I build Commercial hvac automation systems — HVAC controllers, boiler sequencers, building management platforms. Our edge controllers (Raspberry Pi-based NexusEdge devices) run control logic in real-time, but we kept hitting the same wall: deploying ML models to these constrained devices was a nightmare of fragmented tooling, manual conversion steps, and zero visibility into what was actually running in the field.

Every existing ML platform assumed you had a GPU cluster and a team of MLOps engineers. We needed something that could take a dataset, produce a model, convert it to run on a Hailo-8 accelerator or bare-metal ARM, and push it to a controller in a warehouse — all without leaving the browser.

So we built Prometheus.

## What it does

Prometheus is an end-to-end AI/ML platform purpose-built for edge deployment:

Ingest — Upload datasets or connect live data sources (InfluxDB, PostgreSQL, CSV)
Create — Define .axonml model architectures using the AxonML framework
Train — Launch training runs with real-time loss curves, metric tracking, and queue management
Evaluate — Run gradient evaluations, compare model versions, analyze performance
Convert — Export to ONNX for broad compatibility or HEF for Hailo neural accelerators
Deploy — Push models to edge devices with rollback support and fleet management
Monitor — Track inference performance, prediction drift, and device health from the mobile app

## How we built it

The entire backend is Rust — no Python microservices, no Node glue code.
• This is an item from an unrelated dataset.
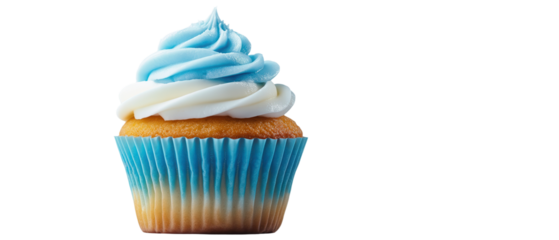 Delicious cupcake with blue frosting decoration. transparent background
One language, one binary, maximum performance.

Prometheus Server — Axum-based API server handling auth, training orchestration, model management, and deployment pipelines
Aegis-DB — Our custom Rust database for user management, model metadata, training history, and audit logs
AxonML — Our ML framework for defining, training, and serializing models in the .axonml format
Prometheus Shield — Built-in security engine with threat scoring and request analysis
Prometheus UI — Leptos WASM frontend compiled to WebAssembly, served as static files — no JavaScript framework, no Node runtime
Mobile App — React Native (Expo) for iOS and Android, real-time training run monitoring with live loss charts

The server, database, and frontend compile to a single deployment: one binary + one WASM bundle. The entire platform runs on a $12/month DigitalOcean droplet.

## Challenges

WASM frontend in a Rust workspace — Trunk (the WASM build tool) doesn't play well with Cargo workspaces out of the box. We had to structure the UI crate with its own index.html entry point and build from within the crate directory rather than the workspace root.

Model conversion pipeline — Going from a trained .axonml model to an optimized HEF binary for Hailo-8 involves multiple intermediate representations. Getting the quantization right without destroying model accuracy on edge hardware took significant iteration.

Real-time training metrics — WebSocket streaming of training metrics from long-running Rust training loops to a Leptos reactive frontend, with the same data mirrored to the mobile app via polling. Getting the data flow right across all three surfaces (training engine → server → web UI / mobile) was the hardest architectural challenge.

Edge deployment over unreliable networks — Our controllers sit in mechanical rooms with spotty connectivity. The deployment system had to handle partial transfers, verification checksums, and automatic rollback if a model fails health checks after deployment.

## What we learned

Rust is ready for full-stack product development. The type system catches entire categories of bugs at compile time, and the performance means we can run training orchestration, an API server, a security engine, and serve a WASM frontend — all from one process on minimal hardware. The tradeoff is compile times and a steeper learning curve, but for infrastructure that needs to be reliable, it's worth it.